Illustration, Warsaw
Database helps Holocaust survivors reclaim Warsaw property
Under a new Polish law, people will have just six months to file claims for more than 2,600 properties in Warsaw after those properties are listed publicly in a newspaper; "There is now a very limited opportunity for some kind of justice for people who suffered so much," said Gideon Taylor, chair of operations for the World Jewish Restitution Organization, which created the database.
A Jewish organization has launched a database aimed at helping thousands of Holocaust survivors or their heirs regain property lost in Warsaw due to World War II and communism.

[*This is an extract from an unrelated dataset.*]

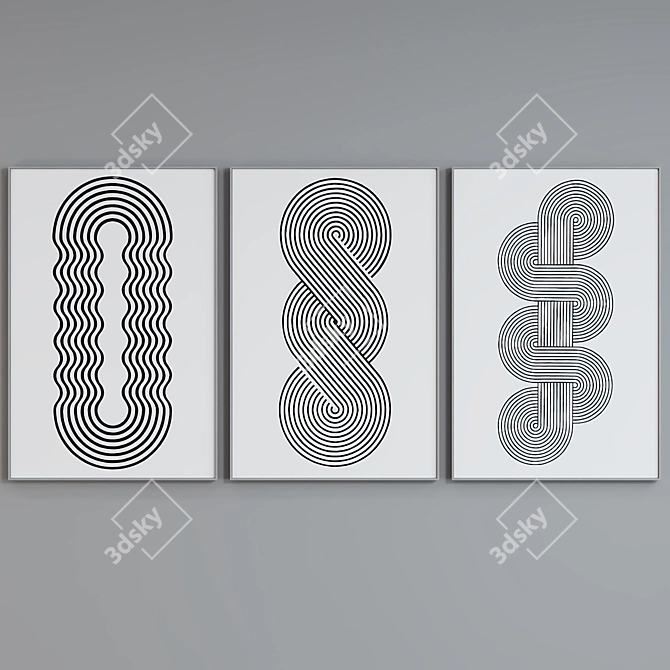 Modern Abstract Line Design Picture Frame Set 3D model image 3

Under a new Polish law, people will have just six months to file claims for more than 2,600 properties in Warsaw after those properties are listed publicly in a newspaper, something expected to happen soon. Not all of the properties belonged to Jews, but it is believed that many of them did.

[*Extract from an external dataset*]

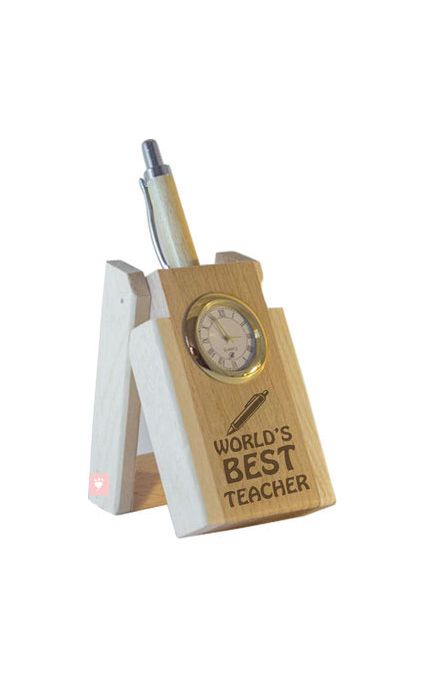 World's Best Teacher Pen with Clock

Claimants who fail to come forward by the deadline will forever relinquish their rights to any restitution, with the city to assume permanent ownership of unclaimed properties.
Jews of Poland
"There is now a very limited opportunity for some kind of justice for people who suffered so much," said Gideon Taylor, chair of operations for the World Jewish Restitution Organization, which created the database.
The new law, which entered into force in September, affects people who had property in Warsaw that they tried to reclaim after the war. At that time, the communist regime seized much of the prewar property, of Jews and non-Jews alike, making it impossible in practice for anyone to reclaim it until communism fell in 1989.
In the years since then, some original owners have reclaimed lost property in complicated legal proceedings, but it has been more difficult for the Jews who fled Poland and settled abroad.
As the problem continues to fester, the city of Warsaw this year compiled a list of 2,613 street addresses that will be open to be claimed, but does not give the names of the original owners.
The new database matches the street addresses with the names found in historical records.
Taylor says it's not clear how many of those properties were Jewish, but he believes a significant number must be because Warsaw was 30 percent Jewish before the war and Jews were well-represented in the professional and property-owning classes.
Before the war Poland was home to about 3.3 million Jews, the largest Jewish community in Europe and the second-largest in the world after the United States. Most of them perished in the Holocaust.
Poland is the only European Union country that has so far failed to pass a national law that returns property to Holocaust survivors and the others dispossessed by the war or communism.